Until Stenhouse finished last after a crash last weekend at Texas, he had placed in the top 20 in six consecutive races, his longest stretch since 2017 when he won two races and made the playoffs.

“I am focused on making sure we finish the job here,” Stenhouse said of his final races with Roush Fenway Racing. “We’ve had some solid runs. We haven’t had any stellar runs, but we’ve had solid runs since the announcement came out in Charlotte. Just looking to continue that … and end on a decent note.”

4. BETTER HELP

One of the issues with the Chevrolet Camaro ZL1, particularly at Daytona and Talladega, is that its pointed nose made it more challenging to push as compared to the Fords and Toyotas, which each had flatter noses.

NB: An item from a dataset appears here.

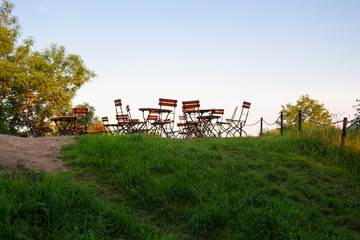 Garden furniture chairs and tables are located on a grassy hill for outdoor recreation in Finland in the summer.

While Chevrolet won at Daytona (Justin Haley in July) and at Talladega (Chase Elliott in the spring), the nose on the Camaro ZL1 1LE that Chevy teams will use in 2020 should prove beneficial at those tracks.

“It was definitely a challenge for us being able to push like some of our competitors were doing,” Elliott said. “I think all the drivers wanted (a flatter nose). We’re just lucky that Chevrolet saw it and wanted to make an effort and try to make it a little better. I think they did. We’ll see when we get to Daytona how it affects things, but I certainly think with all the pushing and how aggressive restarts are … hopefully that helps us.”

Cars pushing one another could become more important at those tracks in 2020. The Talladega playoff race showed more cars could form a two-car tandem and pull away briefly from the pack. With the rules stable for next season, teams will have more time to maximize that, and the tandem could play greater role in those races next year.

5. LAST CHANCE

Chevrolet will need a big day Sunday from Kyle Larson or Chase Elliott to avoid missing the Cup championship race for a third year in a row.

Chevrolet last had a team racing for the Cup title in 2016 when Jimmie Johnson won his record-tying seventh series crown.

In 2017, the Chevy teams of Elliott and Johnson were eliminated in the Round of 8 at ISM Raceway. Last year, Elliott was eliminated in the Round of 8 at ISM Raceway.